De volta à linha do tempo, já no meu calendário, aos doze conheci o bipe, uma caixinha laranja que meu pai carregava na cintura. Aos dezenove, criei a primeira conta no Hotmail. Aos vinte, o primo Wolmarzinho me apresentou o telefone celular do pai dele. Fiquei maravilhado com o tijolão da Motorola. Aos vinte e um, eu já mandava mensagem de texto (10 torpedos Tim por R$2,99), aos trinta e um, o primeiro Smartphone, até que, aos trinta e três, tchan-tchan-tchan-tchan: o WhatsApp!
A retrospectiva revela alguns aspectos interessantes.

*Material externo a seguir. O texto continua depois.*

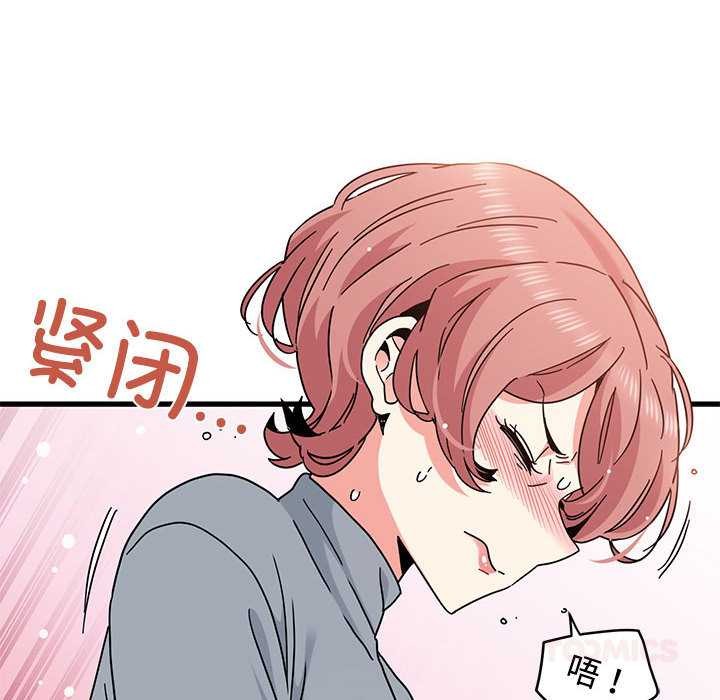发小碰不得第99話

O primeiro é que a humanidade passou a maior parte da sua existência sem barreiras de contato. Se as portas, fechaduras e campainhas interromperam esse cenário, paradoxalmente, a evolução tecnológica, à sua maneira, retomou a lógica anterior. Hoje, sem aviso prévio, somos acessados pelo celular diretamente na cama, de pijama no café da manhã e até assentados no trono.
Também chama atenção a velocidade das mudanças. Se eram necessários séculos, até milênios para uma melhor adequação, um ser humano dos nossos tempos acompanhará, em vida, mais alterações que gerações passadas inteiras. O resultado dessa salada é que não há tempo de adaptação e a sociedade se enrola para definir certos códigos.
Para a nossa magna obra, o Zapzap, cada qual um age de um jeito.
Outro dia, um contato redigiu: “bom dia”. Fiquei esperando a continuação, que não veio. Pensei ter sido um engano e não respondi. Alguns dias depois, ele me interpelou: “você já foi mais educado”. Áudios intermináveis, chamadas de vídeo fora de hora e outras aleatoriedades.
Diante disso, para o bem geral da nação e pacificação dos povos, declaro solenemente dez regras básicas para a utilização do WhatsApp:
1 – Ao escrever “bom dia”, não encerre a conversa esperando o bom dia do outro lado. Complemente o que quer dizer. Exemplo: – Bom dia, você pode me enviar a guia de pagamento? Do contrário, não dê bom dia, muito menos em grupos.
2 – Não faça chamadas de vídeo, sem avisar, com contatos com quem você não tenha intimidade. Você corre o risco de o interlocutor não estar familiarizado com a ferramenta e se apresentar nu.
3 – Não traga temas inadequados ao tópico do grupo. O link do Instagram pedindo voto para o filho da sua prima como melhor jogador do quarto ano não combina com o seu grupo de trabalho.
4 – Sem atropelos. Quando o telefone indicar que o interlocutor está gravando áudio ou escrevendo uma mensagem, espere a finalização para enviar a sua.
5 – Não envie áudios acima de dois minutos, muito menos em grupos. Não escreva textões. O silêncio dos demais não é falta de educação, mas uma nota de repúdio.
6 – De uma a cinco fotos da sua viagem são aceitáveis. De cinco a dez é exagero. Mais de dez, por dias seguidos, não serão abertas e conversas paralelas surgirão com memes sobre sua falta de noção.
7 – Não discuta política no grupo da família. Não morda a isca do primo ativista. Você não vai mudar a opinião dele, ficará de cabeça quente e ainda sairá tachado de comunista ou fascista.
8 – Atenção a certas figurinhas e GIFs. O ano é 2026 e, mesmo que refute o politicamente correto, há certos limites civilizatórios básicos a serem observados.
9 – Não compartilhe áudios de terceiros sem autorização. Como essa regra jamais será respeitada, passemos para a regra 9.1: Não envie áudios de temas sensíveis. Quanto maior a fofoca, maior a chance de seu áudio circular.
10 – Tenha em mente que, de todos, o grupo mais propício à confusão é o condomínio. Como se diz, Deus inventou o WhatsApp e o Diabo, o Grupo de WhatsApp. O Grupo do Condomínio nenhum dos dois assumiu a autoria.